For IT administrators, there are two top concerns in any enterprise data center: data integrity and service continuation. If either of these areas becomes compromised or interrupted, it can lead to serious consequences, including loss of service availability and/or data loss that is beyond recovery.

In data centers that deploy virtual infrastructures with more than one virtual server housed on a single physical server, avoiding these challenges can be even more difficult. Think about what happens when the sole physical server goes down—it puts all of the connected virtual application servers promptly out of commission. This led to the development of an initial FT solution designed to remove this potential problem with virtual machines (VMs).

The FT solution works like this: in data centers that host multiple virtual servers, whenever FT becomes enabled for one of the servers, a copy of that specific virtual server is automatically created; it then automatically runs on another physical server via an automatic scheduler, which enables the application to choose the most appropriate system available to host this secondary VM. Alternatively, the administrator can select another server from a list of available systems. The figure below shows the general framework for this FT solution.

Fault Tolerance-01

Regardless of the operating system (OS) that the application server is running, this FT solution can enable it. Since the solution is both OS-independent and application-independent, the administrator need not hassle with changing the OS or application to support this FT. That’s the upside. On the downside, for successful deployment of this solution, administrators must follow several specific requirements regarding hardware components (including the CPU), as well as follow rigid requirements for the primary and secondary VMs to run OS and application codes that are identical and synchronized.

However, one manufacturer of this solution uses an innovative technology to ensure that the two VMs run identical code. Using a high-speed network link, the primary VM delivers packets like keyboard, mouse, and network inputs to the secondary VM. The following figure shows the data stream that the primary VM ships to the secondary VM.

Fault Tolerance-02

In this solution, if the primary server fails and the primary VM becomes unavailable, then the secondary VM takes over the primary’s role. To guarantee transparent failover, this solution relies on a network virtualization mechanism. This mechanism ensures that the secondary VM takes over the complete network identity of the primary VM. What’s more, this solution’s infrastructure can automatically choose another suitable physical server to host a new secondary VM, ensuring future FT.

Fault Tolerance in Virtualized Storage Servers

If your data center deploys a virtualized server infrastructure, then it requires at least one shared virtual storage server to host the data stores for the virtual memory system (VMS). Needless to say, it is crucial for this shared server to be both sufficiently robust and fault-tolerant.
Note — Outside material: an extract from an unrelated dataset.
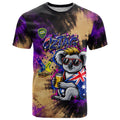 Personalised Australian Oztag Koala Mascot T Shirt Cool Koala Sunglasses Tie Dye Paint Splatter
This brings us to the second FT solution, which features a high availability (HA) component capable of delivering on these demands. The architecture of this HA solution, such as StorTrends, performs in virtualized environments in the same way that it can be deployed in application servers, with a separate server handling secondary storage needs.

The solution is very simple for administrators, who need only select a secondary server and enable either Active/Passive or Active/Active during configuration; the network storage management software handles the rest. Unlike the first FT solution—the success of which rests on underlying shared storage—the HA solution relies on mirrored storage. The beauty of this approach is that it requires no shared resources between the two nodes, allowing each server to offer complete FT.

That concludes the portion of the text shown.